How Do Doctors Remove Skin Tags?
I have a big skin tag. It bothers me. Some websites say to get rid of it by
putting fingernail polish on it, tying a thread around it, or using over-the-counter
wart freeze. Should I try that or go to a doctor? And if a doctor does it, what's
involved and will it hurt?
Skin tags (those soft, fleshy bumps that grow from the skin on a narrow stalk) are harmless. They don't need to be removed. But sometimes a skin tag can get big enough to bother a person, like by rubbing against clothing. If a skin tag is annoying and you want to get rid of it, see your doctor.
Don't try removing a skin tag on your own, particularly if it's large. Skin tags have blood vessels so they will bleed and could become infected if a person uses non-sterile equipment to remove them. Fingernail polish and wart remover are designed for use on hard skin, like nails or warts. They're not the kinds of things to use on a skin tag.

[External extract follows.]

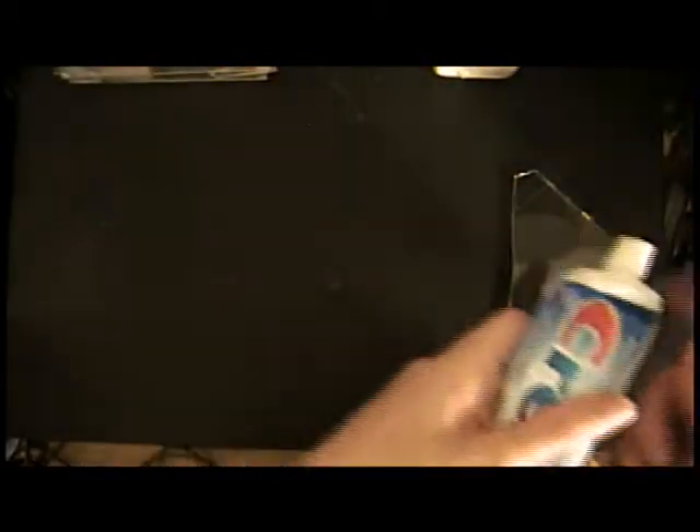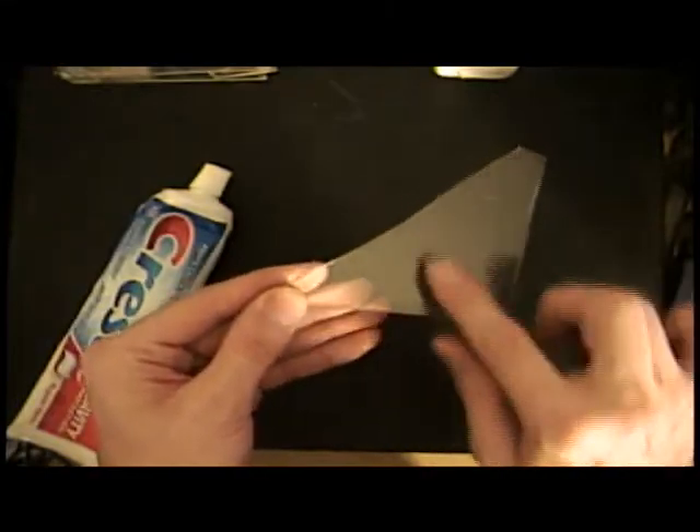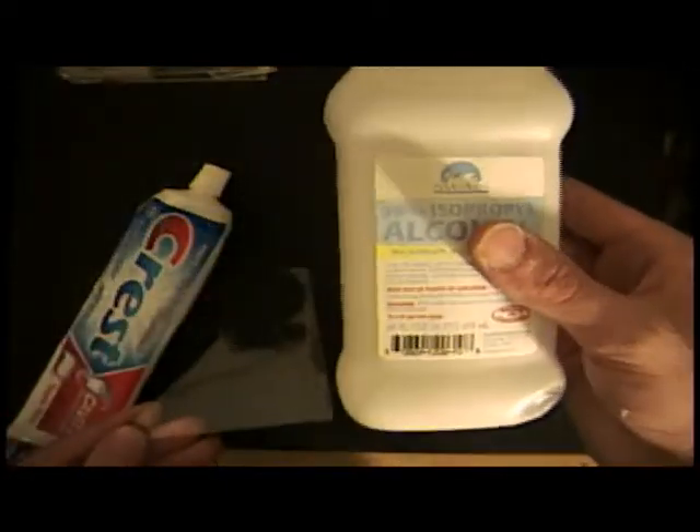What you'll want to do is take the toothpaste and lightly scrub it against the glass — since it's abrasive, it will rough up the surface slightly for the tin oxide to stick. Then you'll rinse it under water, soapy water, and wash it off with alcohol.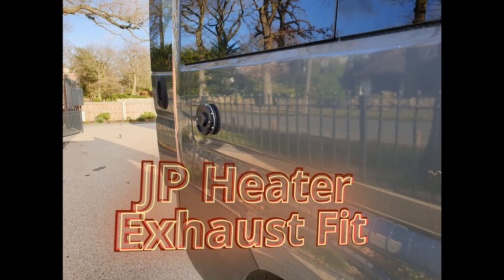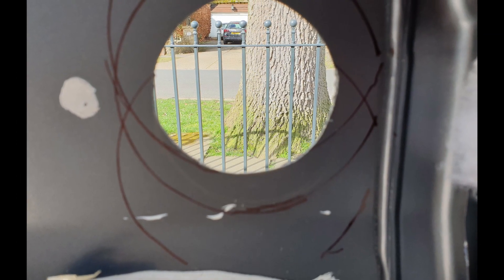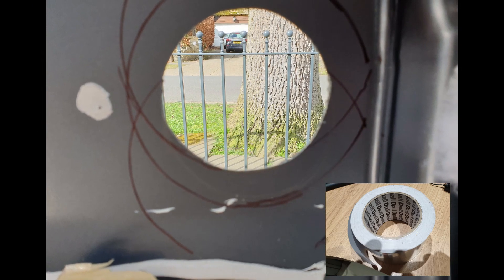Here's a quick one minute video on fitting the JPE diesel heater exhaust. The hardest part of the whole thing really is deciding where to put the hole. I found the inside diameter of the dial aluminium tape reel very useful in positioning the hole.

To avoid infection, scarring, and unnecessary pain, see your family doctor or a dermatologist. He or she can remove skin tags quickly and with very little discomfort right in the office. Your doctor might snip the tag off with sharp, sterile scissors or freeze or burn it with a special solution. If the tag is small enough, you'll feel no more than a pinprick. If it's larger, the doc will rub a numbing medication on your skin so you don't feel it.
Skin tags often develop when we're kids. Occasionally they go away on their own. But more often a skin tag will stay on the skin and it may grow slowly over time.